De esta manera ya tenemos una primera conclusión evidente: La alta burguesía es antirrevolucionaria, ya que cualquier cambio en el sistema económico podría acabar con sus privilegios. Es decir, de todos los miembros de la sociedad, es la alta burguesía la única clase social no interesada en cambio alguno del sistema económico, ya que sus privilegios sociales y económicos dependen del mantenimiento de éste. Aunque, cabe matizar, el problema no es que una persona dependa del fruto de su trabajo para subsistir, que esto, al fin y al cabo, es algo inherente a la condición humana y propio de cualquier sociedad que se precie, el problema es que, con este sistema, la esclavitud a la que esta personas están sometidos, redunda no en su propio beneficio, no en el beneficio global de la sociedad, sino, fundamentalmente, en el beneficio de unos pocos privilegiados que acumulan inmensas cantidades de capital monetario y patrimonial, a consecuencia de la explotación que es inherente a esta esclavitud del sujeto respecto de su trabajo. Es decir, mientras que la mayoría de nosotros necesitamos de nuestro trabajo para subsistir, gracias al beneficio ocasionado por nuestro trabajo y nuestro consumo existen personas que no se encuentran en esta misma situación, sino que viven “como reyes”, y que tienen absolutamente garantizada su subsistencia y la de sus próximas generaciones aun cuando sus ingresos dejaran de producirse, salvo, como he dicho antes, que se produzca una revolución que traiga consigo un cambio en el sistema económico que acabe con sus privilegios y les arrebate lo que en esencia pertenece al fruto del trabajo de las clases explotadas, esto es, su capital acumulado.
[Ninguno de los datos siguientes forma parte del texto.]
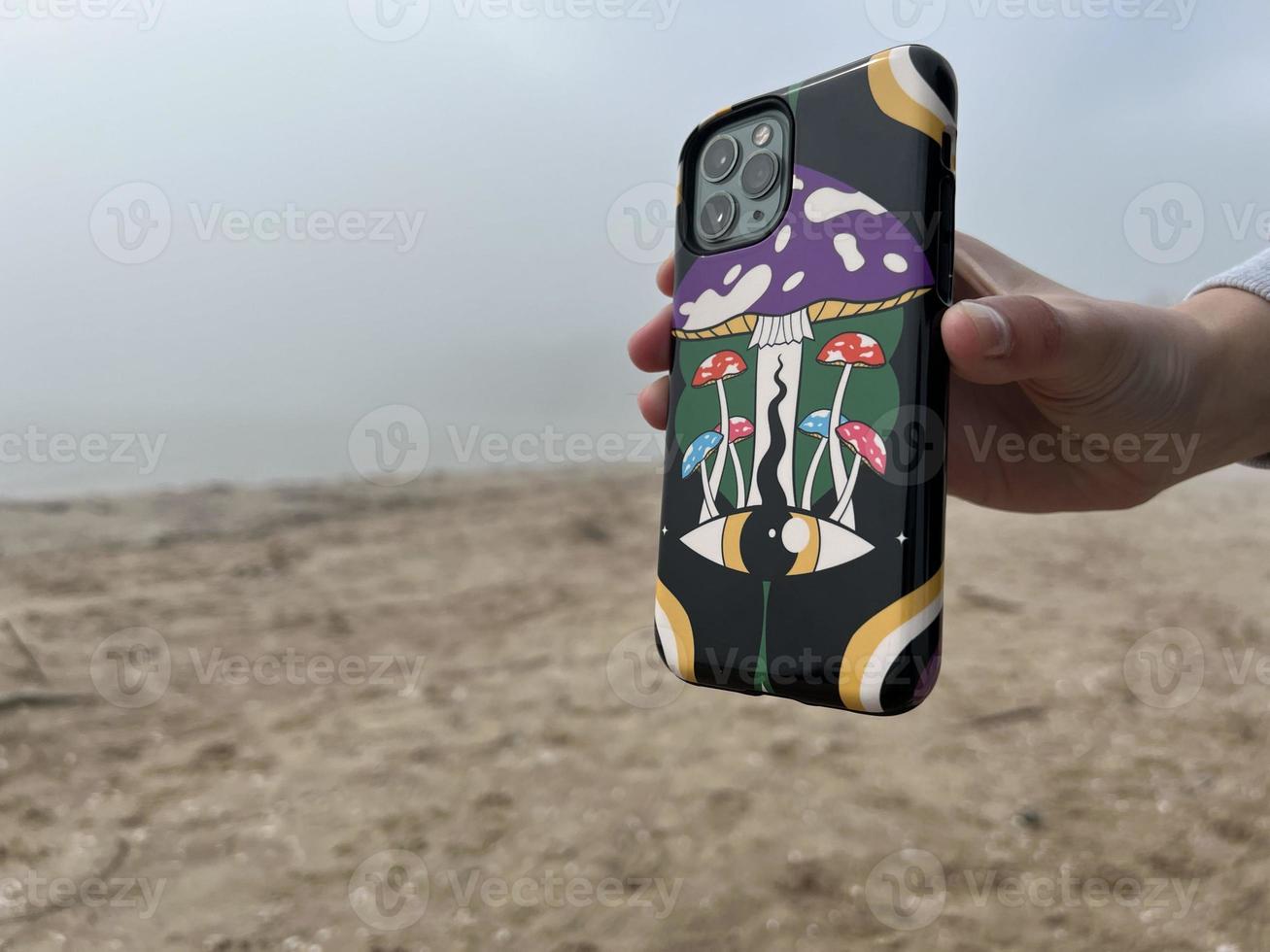 Phone Case Photography, Mockup For Case, Men Holding Mobile Photo, Beach Background With Fog, Jpg photo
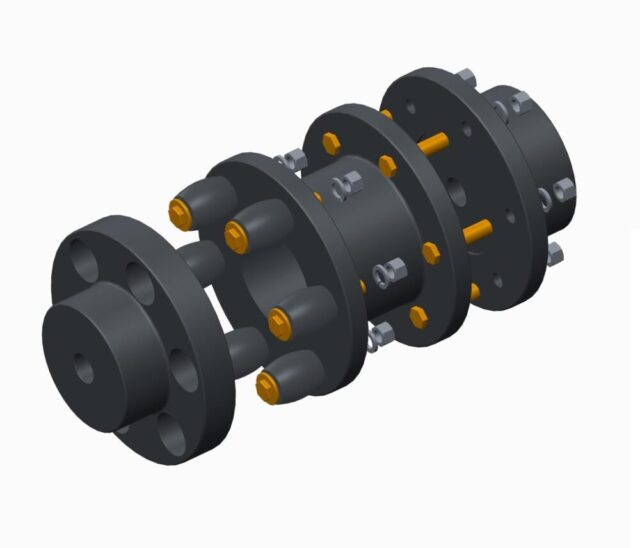 Utkarsh UBS series Pinbush coupling with spacer ASSEMBLY EXPLODED VIEW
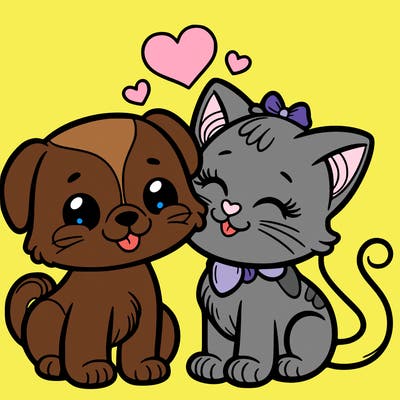 cat with a dog and in love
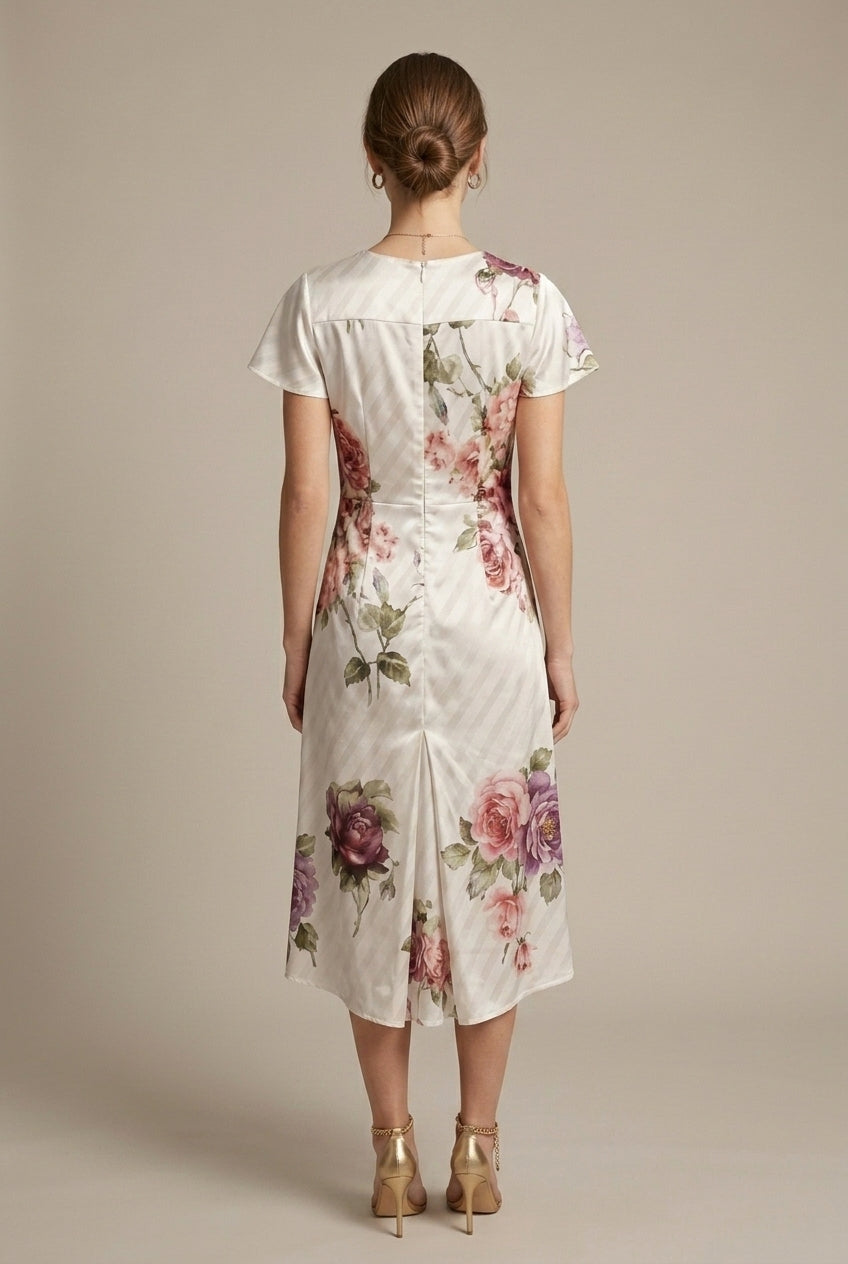 Solange wrap floral striped midi dress, back view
Por ello, una revolución debería, de mínimo, equiparar la situación de todos los miembros de la sociedad bajo estos criterios de reparto de la riqueza, es decir, o todos podemos vivir sin necesidad de depender del fruto de nuestro trabajo para llegar a fin de mes y garantizar nuestra subsistencia, lo cual es imposible, o todos debemos vivir siendo esclavos de nuestro trabajo, salvo aquellos que, por los motivos justificados que fueran, no pudieran tener acceso a un trabajo con el que ganarse la vida. Como digo, la primera situación es absolutamente impensable, ya que el trabajo es necesario para la producción de riqueza, y no existen recursos suficientes, no al menos a día de hoy con el desarrollo técnico de los medios de producción existentes, como para lograr que toda la humanidad pueda acumular suficiente capital como para no depender de su trabajo para vivir. Por tanto, siendo realistas, la única revolución posible pasa por instaurar un sistema económico donde todas y cada una de las personas dependan del fruto de su trabajo para vivir, cada cual en su ámbito según sus propias actitudes y capacidades, pero finalmente todos iguales en el sentido de pertenecer a una misma clase social: la clase trabajadora. Un sistema basado en aquello de "de cada cual según sus capacidades, a cada cual según sus necesidades".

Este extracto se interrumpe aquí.